On Thu, Apr 20, 2017 at 2:18 PM, Robert Foss <[email protected]> wrote:
> Hi Björn,
>
> Thanks for the thorough and explicit feedback, it was rather helpful.
>
>
> On 2017-04-20 04:32 AM, Bjørn Mork wrote:
>>
>> Hello Robert,
>>
>> Sorry for being much too late here, but during recent attemts to debug
>> issues caused by my commit 833415a3e781 ("cdc-wdm: fix "out-of-sync" due
>> to missing notifications") I believe I found a couple of issues with
>> commit c1da59dad0eb. At least one of them is serious (potentional
>> GPF_KERNEL allocation in interrupt context).
>>
>> But I don't know if I understand the problem the commit set out to
>> solves, which is why I have no proposed patch here.
>
>
>
> The description of the situation that I received was then one
> from the commit message:
>
> "In case of a read error, userspace may not actually read the data, since
> the
> driver returns an error through wdm_poll.
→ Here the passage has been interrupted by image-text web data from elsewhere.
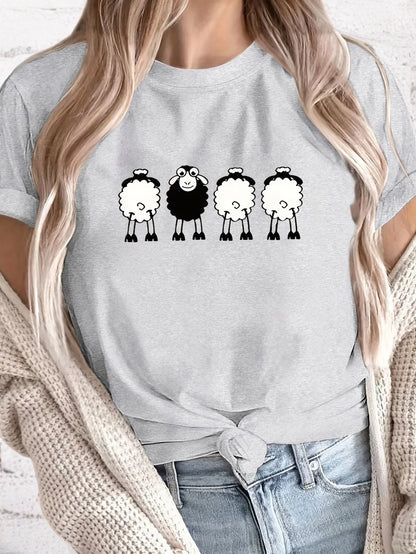 Casual Short Sleeve Top With Four Sheep Cartoon Printed Design
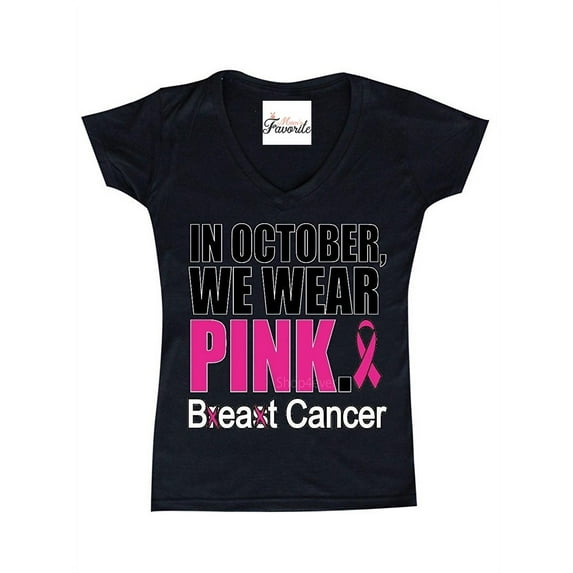 Women's T-Shirt V-Neck Short Sleeve - In October We Wear Pink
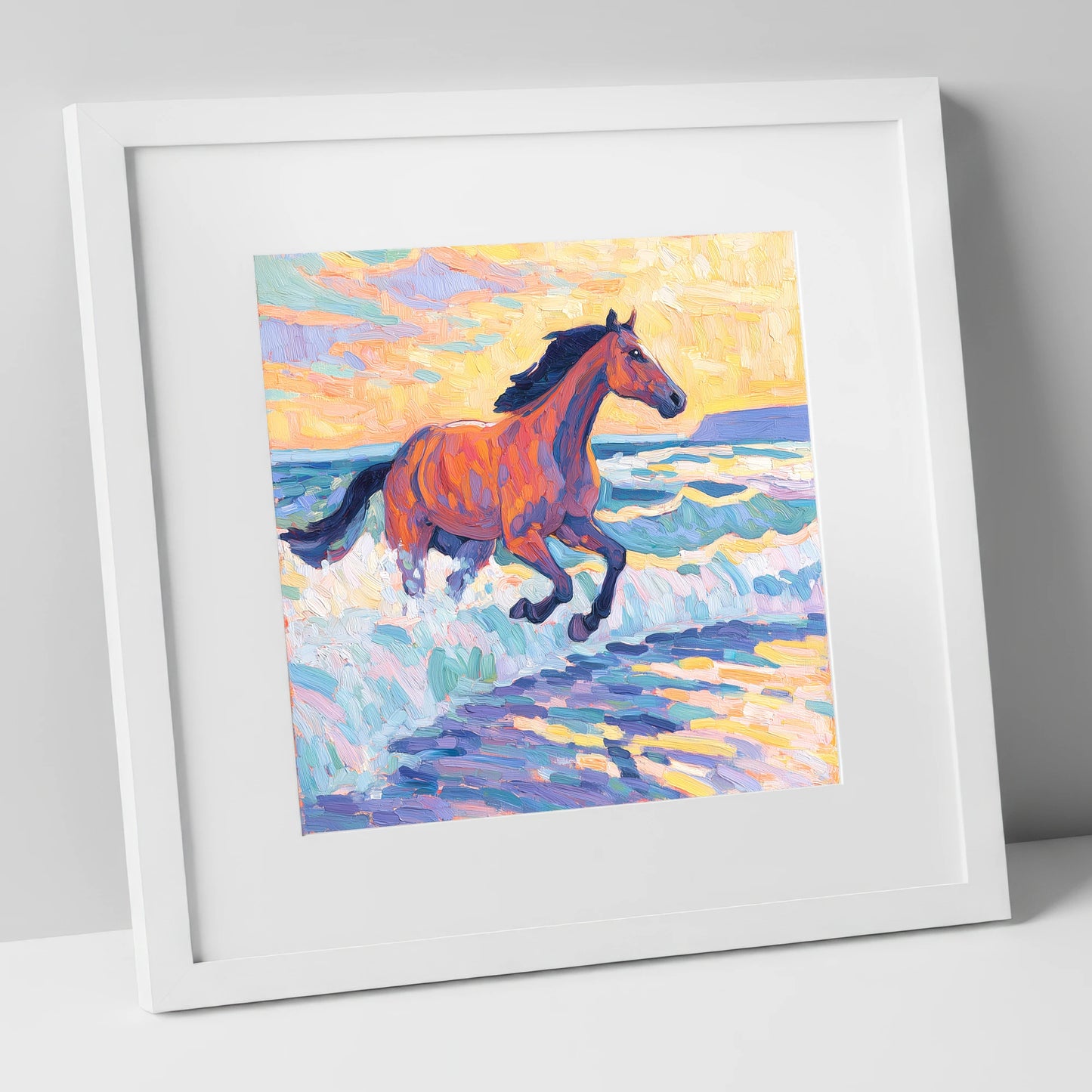 Painted Tide Canter beach horse art print in white frame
After this, the underlying device
> may
> attempt to send us more data, but the queue is not processed. While
> userspace is
> also blocked, because the read error is never cleared."
>
> So the way I interpret it is that after an error condition the device can
> get prevented from sending data, which in turn can cause userspace to not
> issue a read (which would have cleared the error).
>
> I could certainly be wrong in this interpretation or be misunderstanding
> something.
>
> Prathmesh, Guenter: Do you have any comments?
>
I would not want to claim to fully understand the problem, but from
Bjørn's comments it really looks like the patch should be reverted.
Thanks,
Guenter
>>
>>
>>> @@ -189,7 +192,13 @@ static void wdm_in_callback(struct urb *urb)
>>> }
>>> }
>>>
>>> - desc->rerr = status;
>>> + /*
>>> + * only set a new error if there is no previous error.
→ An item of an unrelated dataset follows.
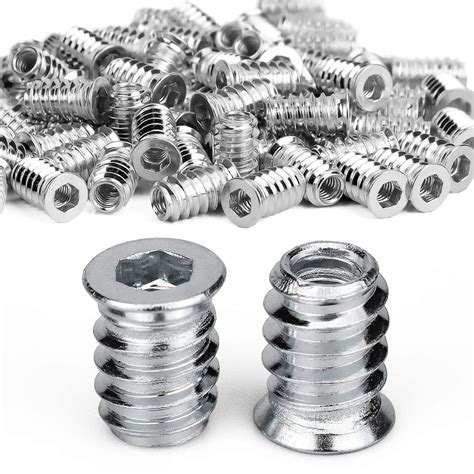 Aatpuss 100 M6 Stainless Steel Hex Nut Inserts, Wood Screw Inserts, 6mm ...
>>> + * Errors are only cleared during read/open
>>> + */
>>> + if (desc->rerr == 0)
>>> + desc->rerr = status;
>>> +
>>> if (length + desc->length > desc->wMaxCommand) {
>>> /* The buffer would overflow */
>>> set_bit(WDM_OVERFLOW, &desc->flags);
>>>
>>
>>
>> This is minor, but in my opinion this change is flawed. It changes the
>> meaning of "desc->rerr" from the original "last status code" to the new
>> "first error since last userspace read".
>>
>> wdm_read will only return and clear such errors if desc->length == 0 on
>> entry. This is up to the userspace application to decide. I claim that
>> any error should either be reported immediately or not at all. Caching
>> errors forever like this, and then reporting them to userspace at some
>> arbitrary later event, is pointless.
>>
>> The existing code did the correct thing in the absence of proper event
>> queing. The only real alternative would be to completely stop
>> processing device events until userspace has seen the error. But that
>> would just make things fail completely for no good reason.
>>
>> We should probably consider making a queue/list of the read buffers and
>> keep each status code with the associated list element. Then we could
>> report back the error when userspace reads the element that caused it.
>
>
> I see your point about changing the semantics of desc->rerr, and agree that
> it probably isn't desirable.
>
> So an event queue is starting to look like the way forward.
>
>>
>>> @@ -221,9 +230,19 @@ static void wdm_in_callback(struct urb *urb)
>>> }
>>>
>>> skip_error:
>>> + set_bit(WDM_READ, &desc->flags);
>>> wake_up(&desc->wait);
>>>
>>> - set_bit(WDM_READ, &desc->flags);
>>> + if (desc->rerr) {
>>> + /*
>>> + * Since there was an error, userspace may decide to not
>>> read
>>> + * any data after poll'ing.
>>> + * We should respond to further attempts from the device
>>> to send
>>> + * data, so that we can get unstuck.
>>> + */
>>> + service_outstanding_interrupt(desc);
>>> + }
>>> +
>>> unlock:
>>> spin_unlock(&desc->iuspin);
>>> }
>>
>>
>> We cannot do this. This is an URB callback, and
>> service_outstanding_interrupt()
>> calls usb_submit_urb(...,GFP_KERNEL).
>>
>> This issue could of course be avoided by simply changing the allocation
>> flags. But looking at the comment here, I am pretty sure that this is
>> the wrong solution to the unanticipated userspace behaviour. If
>> userspace decides not to read() if poll() sets POLLERR, then it *should
>> not* expect the error condition to be cleared. Or am I missing something?
>
>
> The allocation flags aside, calling poll() and it returning POLLERR should
> not clear the error, so the behavior of the
>
>>
>> In any case: This will not unstick anything, given the previous problem
>> with desc->rerr not being updated unless userspace reads. You will just
>> flush the device queue, but the error condition is still there. So
>> poll() will still set POLLERR. If the comment is correct, this is a
>> permanent deadlock.
>>
>> userspace can avoid tge issue by reading the descriptor on POLLERR. If
>> that is not the way this is expected to work (I am by no means a POSIX
>> expert), then I believe the correct fix must be to change wdm_poll(),
>> either to clear the error condition or to not set POLLERR in this case.
>
>
> So, in lieu of an actual event queue, maybe this patch should be reverted.
> Thoughts?
>
>
> Rob.
--
To unsubscribe from this list: send the line "unsubscribe linux-usb" in
the body of a message to [email protected]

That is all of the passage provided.